By John Thomas Tuft

I am driving through the mountains of western North Carolina, following the Cullasaja River from Franklin to Highlands along US64. The Cullasaja flows from the Tuckasegee to the Little Tennessee through the Cullasaja Gorge in Macon County in the Nantahala National Forest. And if you think the names are tongue twisters, the road itself might make you a bit queasy. Lots of sheer rock walls on one side of endless blind curves following rusty guardrails along steep drop offs into the river gorge. At one point you can make a tiny detour to drive under Bridal Veil Falls, if you’re so inclined, though if you’re not childlike be prepared to be disappointed. Turning off at Turtle Pond Road, I climb Little Scaly Mountain, following the gravel one and a half lane trail through thickly wooded forest, wending back and forth across the Georgia state line until all that matters is that I’m on The Mountain. For some reason I may never discern, I am drawn to an unmarked dirt lane that wends and winds and climbs some more before it dead ends at Brother Joe Bob Carl’s Gas and Gospel Stop.

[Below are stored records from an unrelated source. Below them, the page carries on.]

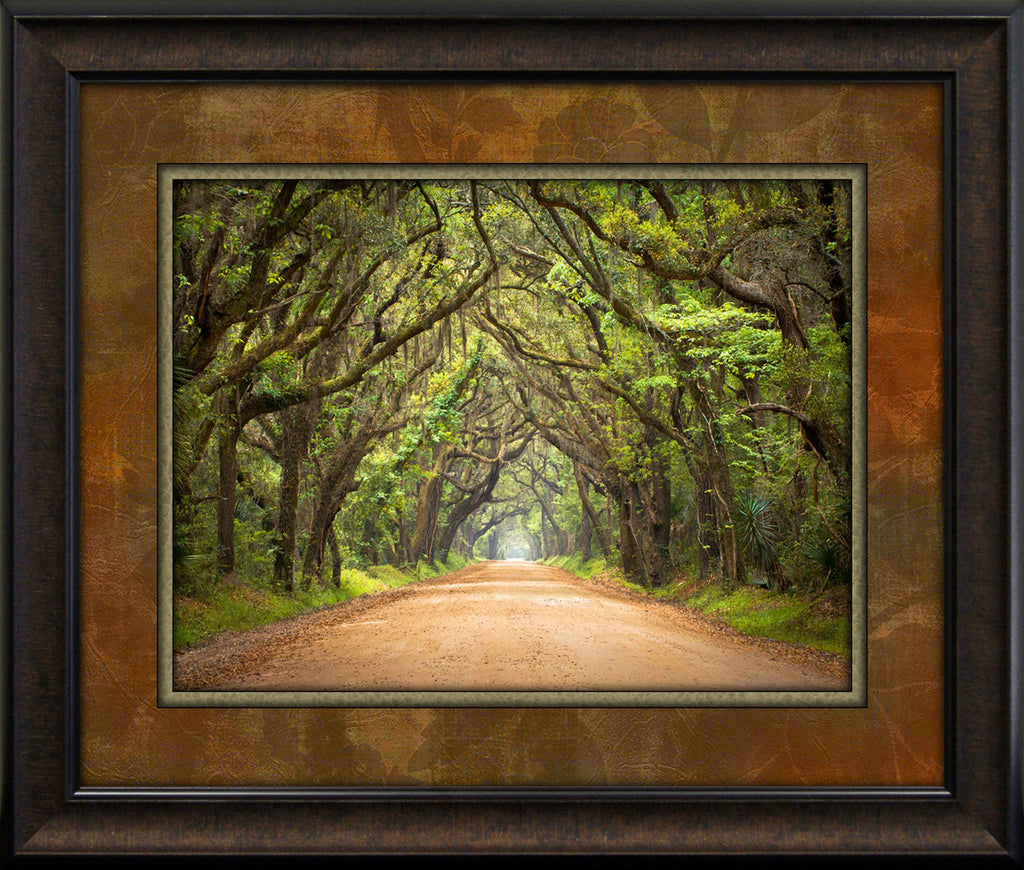 Treelined Path Framed Art 19.25"x23.25"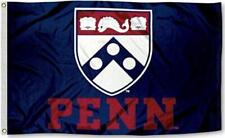 PENN QUAKERS FLAG 3'X5' UNIVERSITY OF PENNSYLVANIA NEW 3X5 BANNER  picture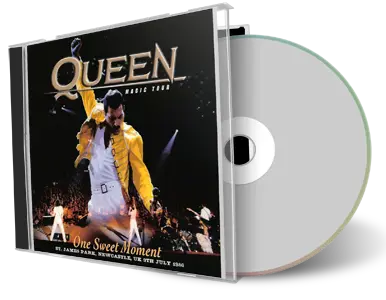 Artwork Cover of Queen 1986-07-09 CD Newcastle Audience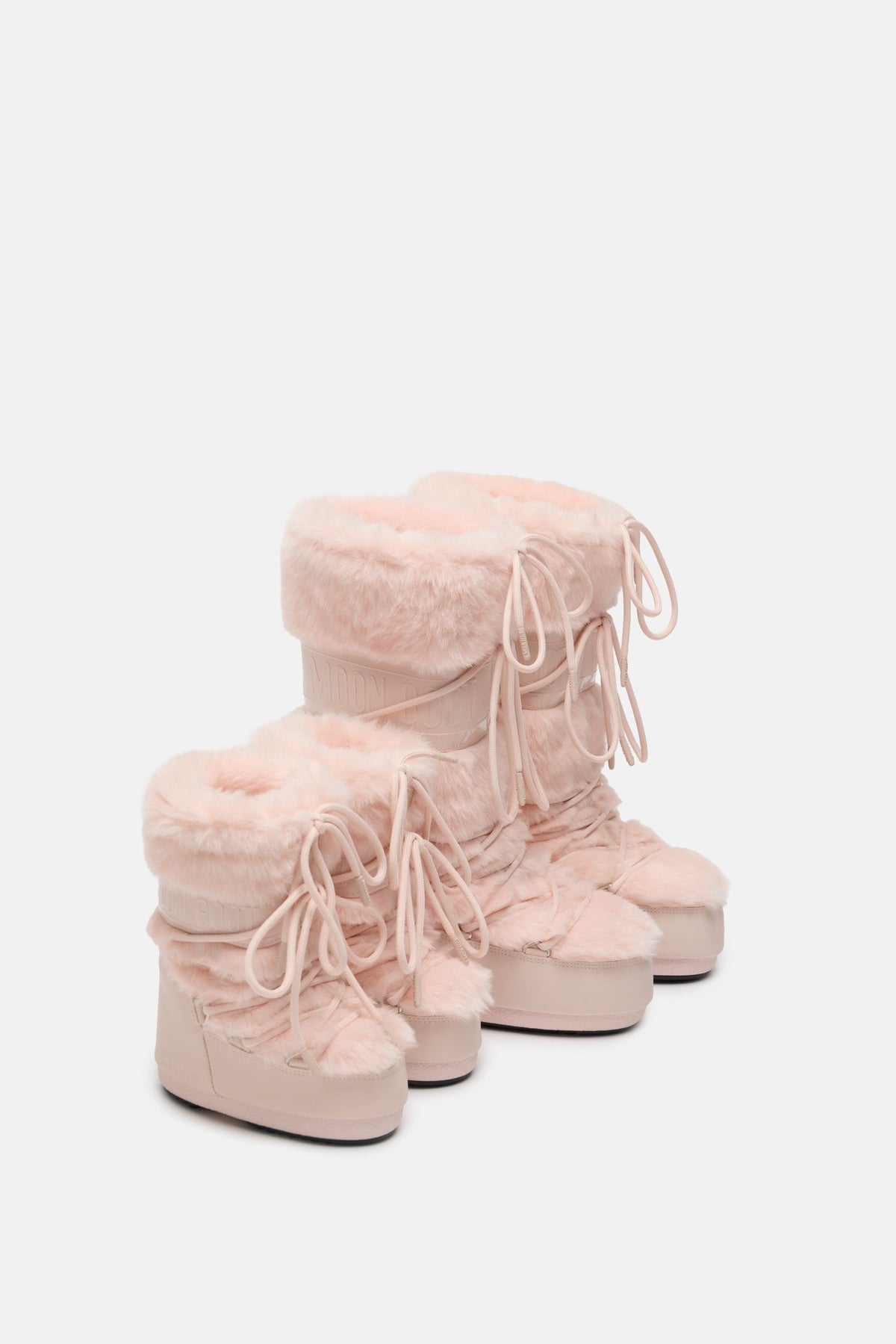 Moon Boot ICON PINK FAUX-FUR Boots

It’s a ramshackle affair with an antique service station visible gas pump sitting proudly all shined up and standing at rigid attention before a wooden building that crouches against the fierce winds, just like the stunted white oak trees that surround it and looking every bit of the centuries of weathering that the humbled trees also exhibit. All are surrounded by a carpet of lichens that seem to part and bow before the footsteps of Brother Joe Bob Carl as he steps out of the battered door, and casts a wary eye towards a weary traveler. How do I know that it’s him? The hand lettered sign leaning against the pump tells me so. It is the first of many signs…and wonders of that day.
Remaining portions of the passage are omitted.